'''

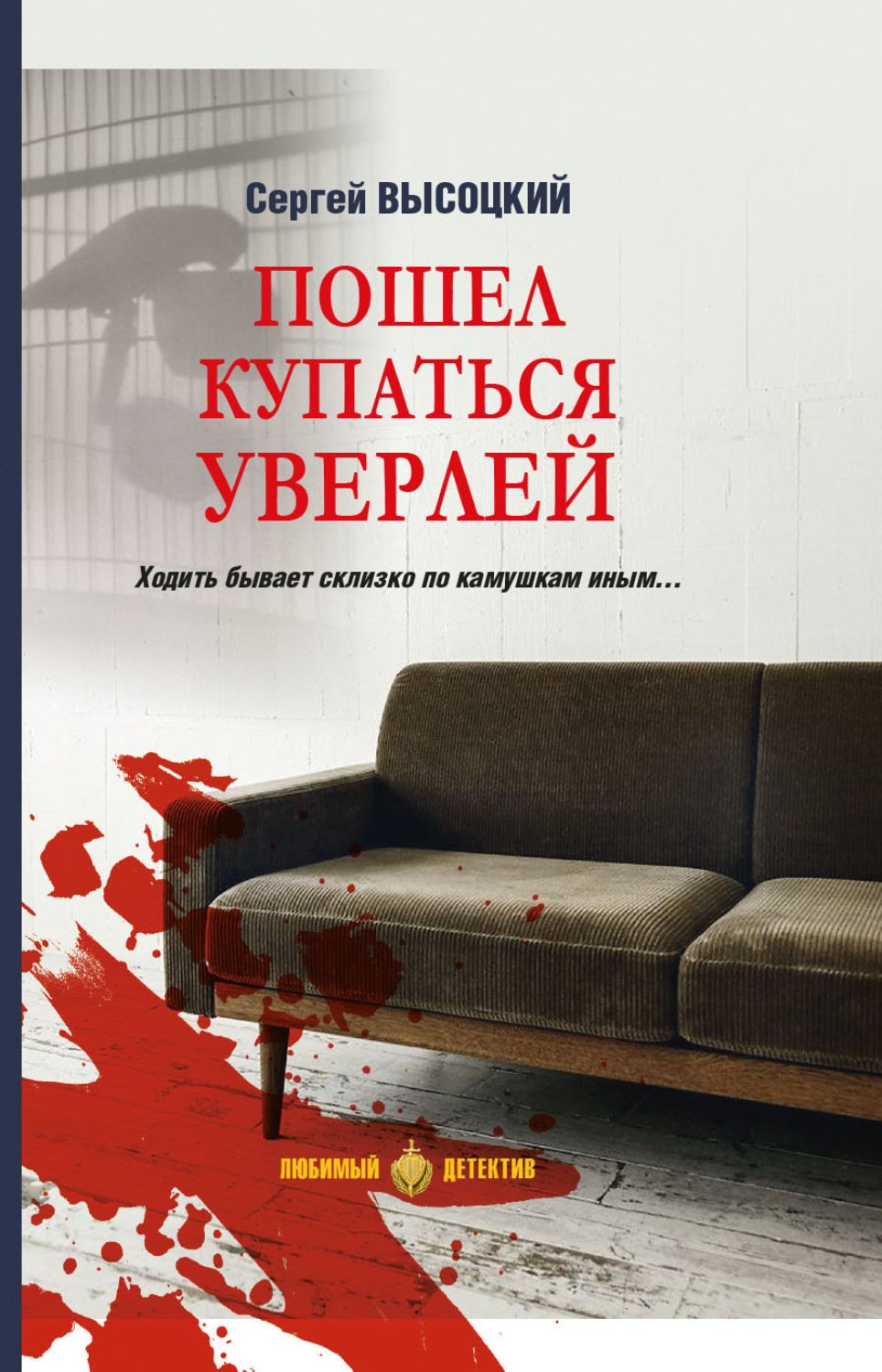Обложка книги «Пошел купаться Уверлей»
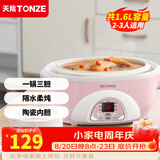 天际（TONZE） 电炖锅电炖盅煲汤锅隔水炖盅 白瓷煮粥锅炖汤锅陶瓷快炖锅炖汤盅 养生锅燕窝炖盅 粉色 1.6L 丨标准款丨三胆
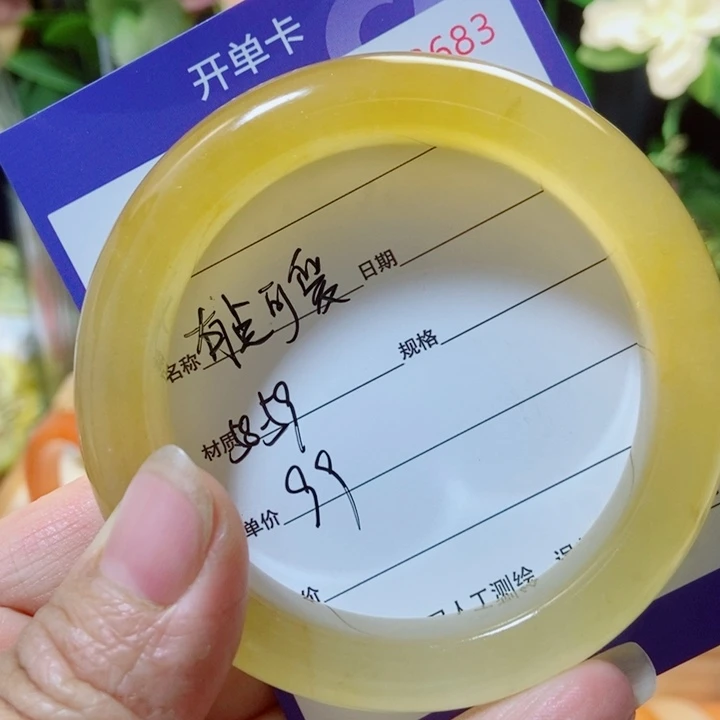 石英质玉（黄龙玉）未镶嵌手镯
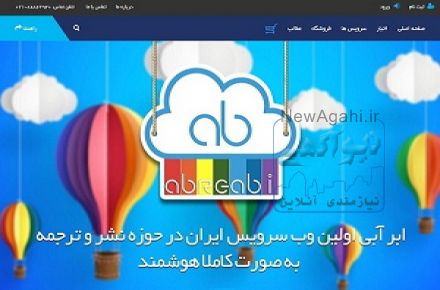 ترجمه-متن-متون-انگلیسی به فارسی-تایپ-مشاوره پایان نامه-مقاله-کتاب-PDF-سمینار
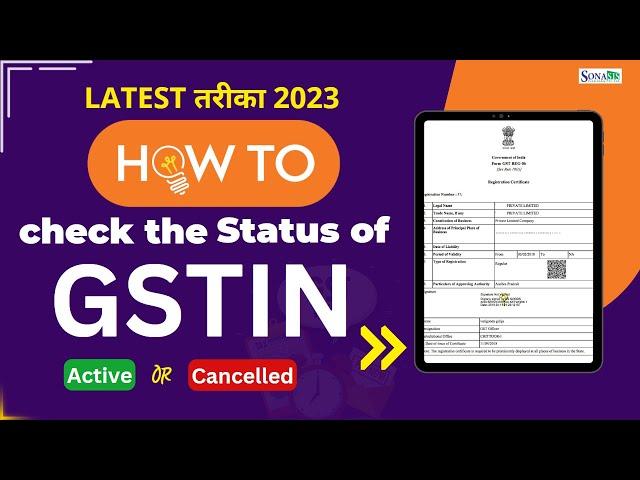 How to check the status of GSTIN online | Active or Cancelled | Sonasis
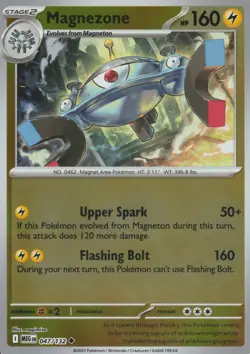 POKEMON - MAGNEZONE - 047/132 - MEGA EVOLUTION - REVERSE HOLO - Image 1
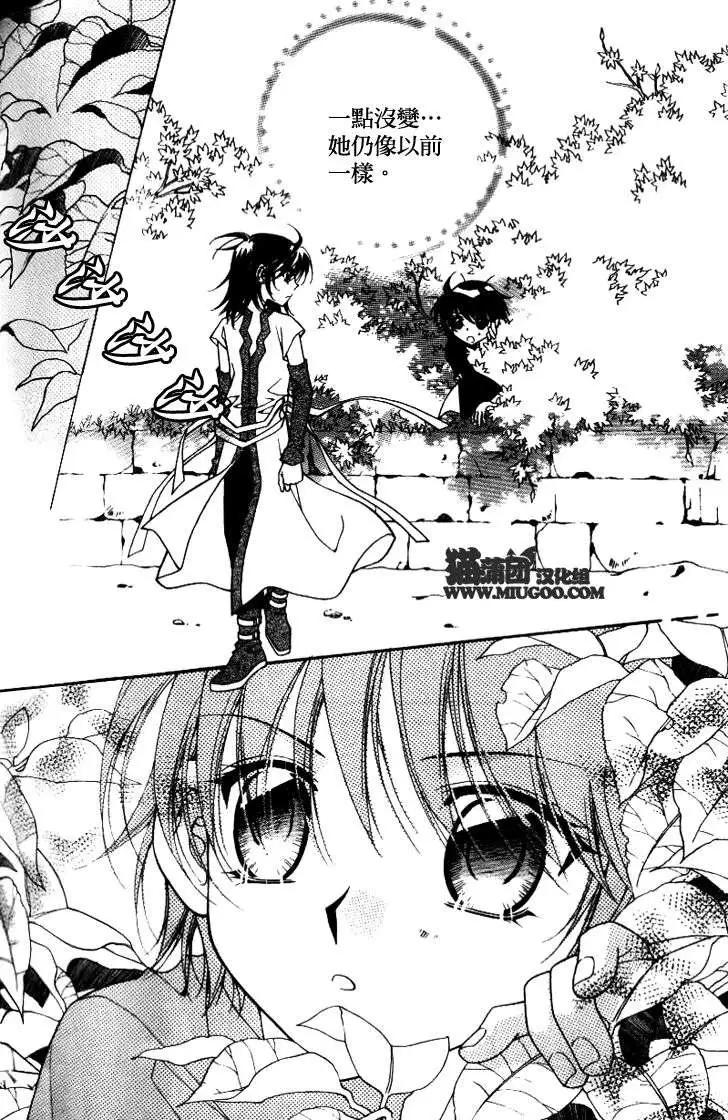 《守护女神天行记》第07卷04 第14页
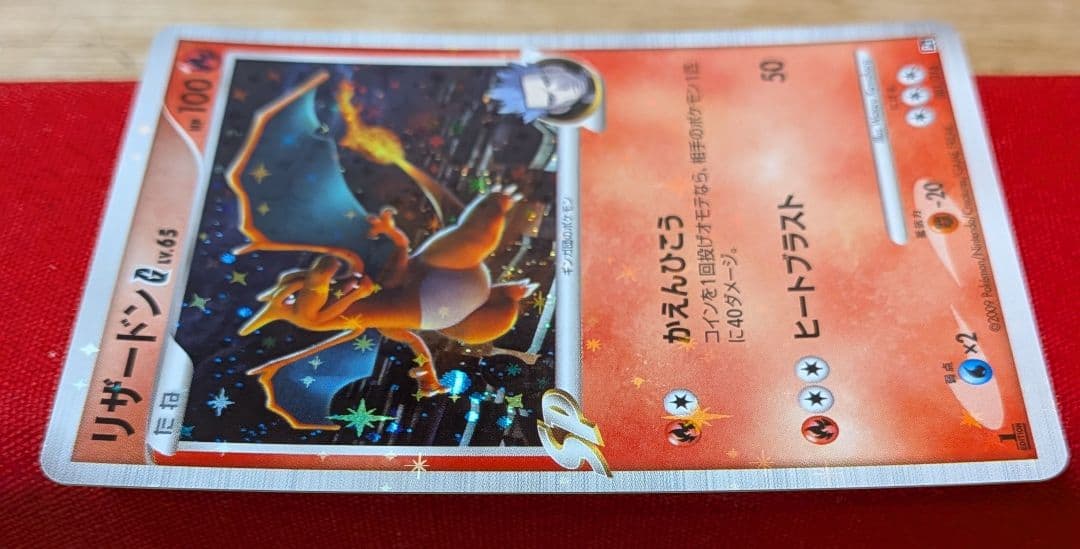 p*a様 リザードンG Pt 1ED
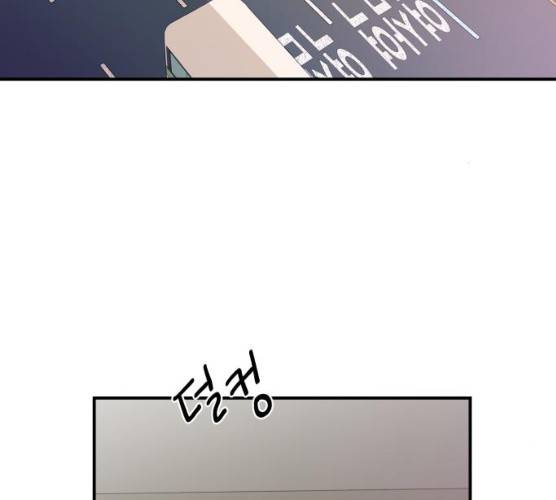 별을 삼킨 너에게 53화 123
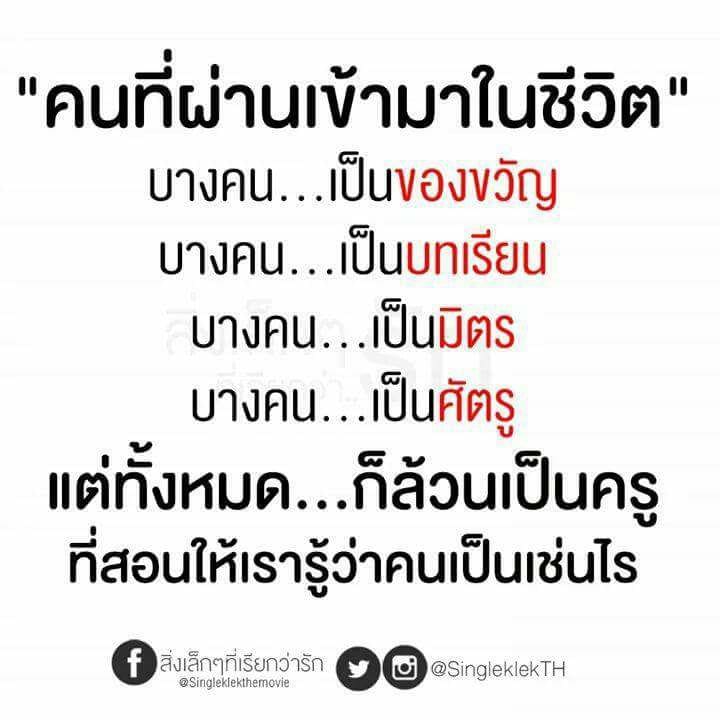 ความรู้สึก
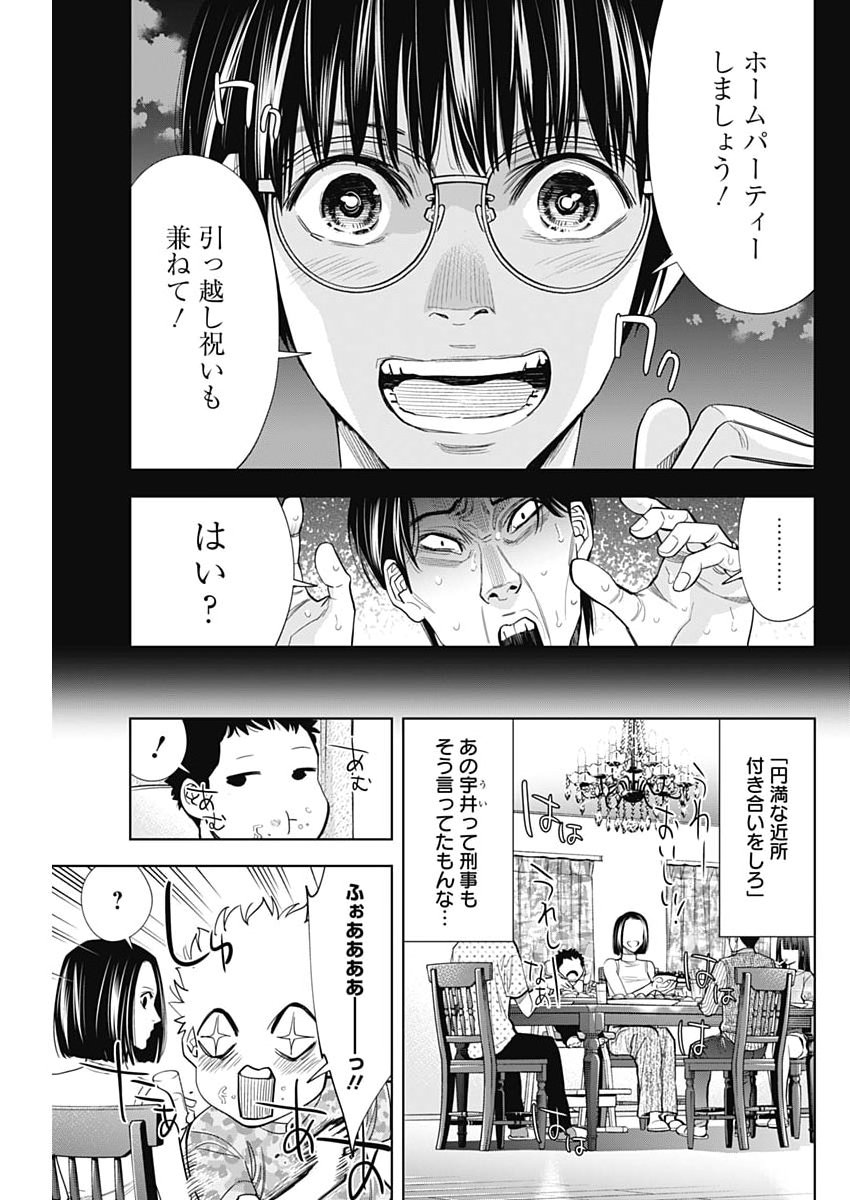 Kokoha Kazoku Gakieru Machi - Chapter 9 - Page 7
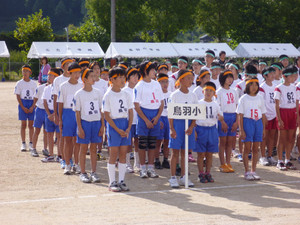 P1000103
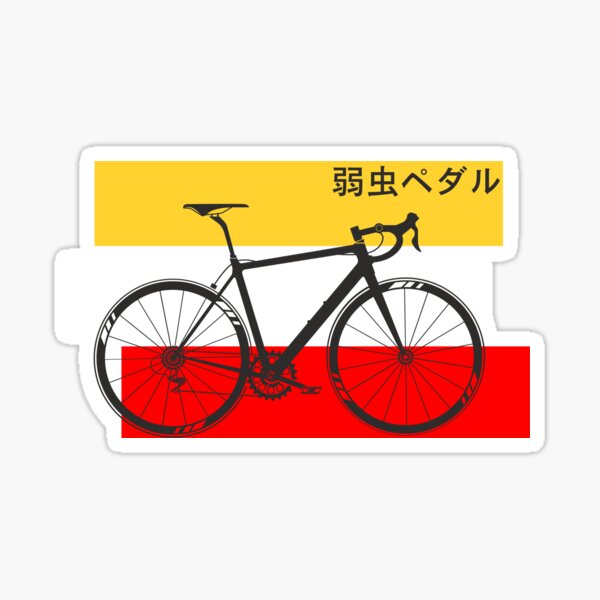 Shunsuke Imaizumi YOWAMUSHI PEDAL LIMIT BREAK Trading metal badge Skajan, Goods / Accessories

'''

__Aim of the task__
Which lines fall between the one containing "石英质玉（黄龙玉）未镶嵌手镯" and the last line of the listing, both included? Give them again exactly, without the pictures.

__Reply__
 石英质玉（黄龙玉）未镶嵌手镯
 ترجمه-متن-متون-انگلیسی به فارسی-تایپ-مشاوره پایان نامه-مقاله-کتاب-PDF-سمینار
 How to check the status of GSTIN online | Active or Cancelled | Sonasis
 POKEMON - MAGNEZONE - 047/132 - MEGA EVOLUTION - REVERSE HOLO - Image 1
 《守护女神天行记》第07卷04 第14页
 p*a様 リザードンG Pt 1ED
 별을 삼킨 너에게 53화 123
 ความรู้สึก
 Kokoha Kazoku Gakieru Machi - Chapter 9 - Page 7
 P1000103
 Shunsuke Imaizumi YOWAMUSHI PEDAL LIMIT BREAK Trading metal badge Skajan, Goods / Accessories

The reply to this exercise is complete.